- [Your assignment]: Set out exactly every line of the entries below, starting at the line that holds "Buy Antique 1912" and stopping after the line that holds "Last Day 70%".

- [Provided information]:

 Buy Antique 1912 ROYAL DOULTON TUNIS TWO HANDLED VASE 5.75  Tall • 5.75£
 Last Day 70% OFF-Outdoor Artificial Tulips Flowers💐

* * *

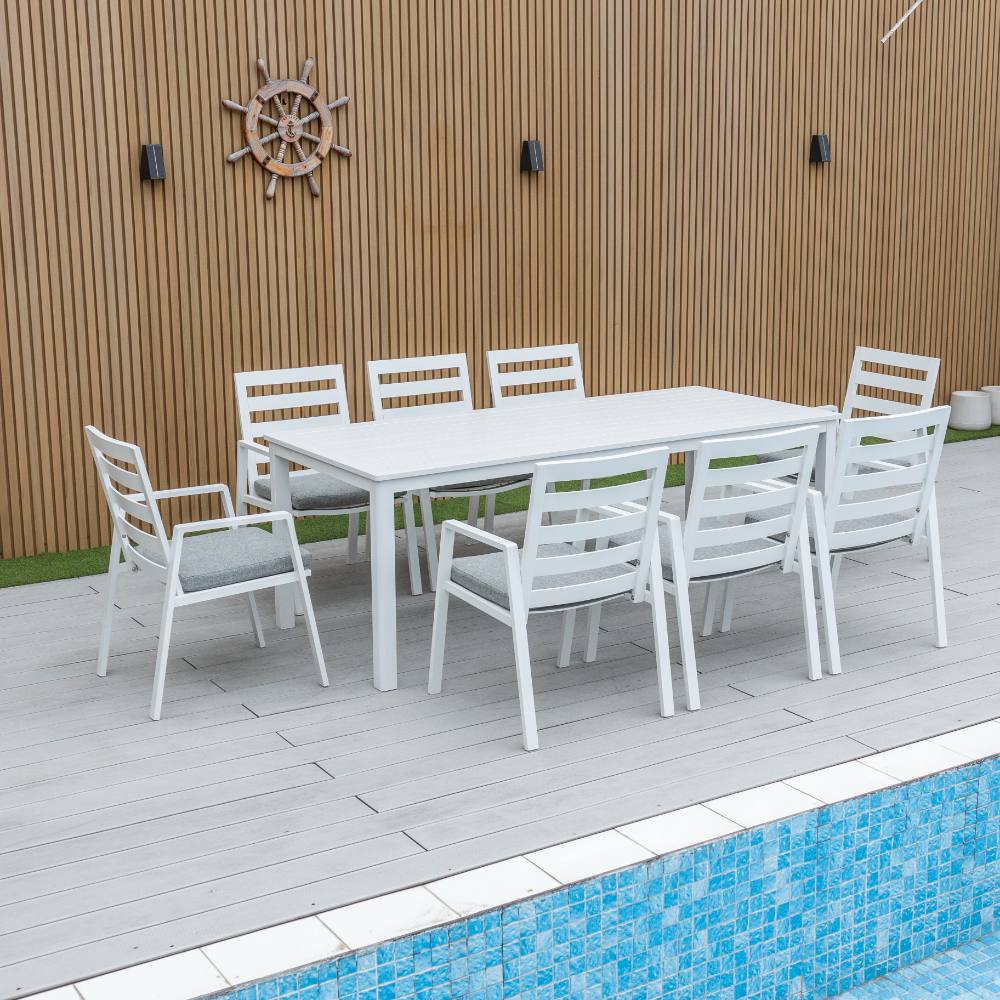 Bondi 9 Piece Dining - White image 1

- [Answer]:
 Buy Antique 1912 ROYAL DOULTON TUNIS TWO HANDLED VASE 5.75  Tall • 5.75£
 Last Day 70% OFF-Outdoor Artificial Tulips Flowers💐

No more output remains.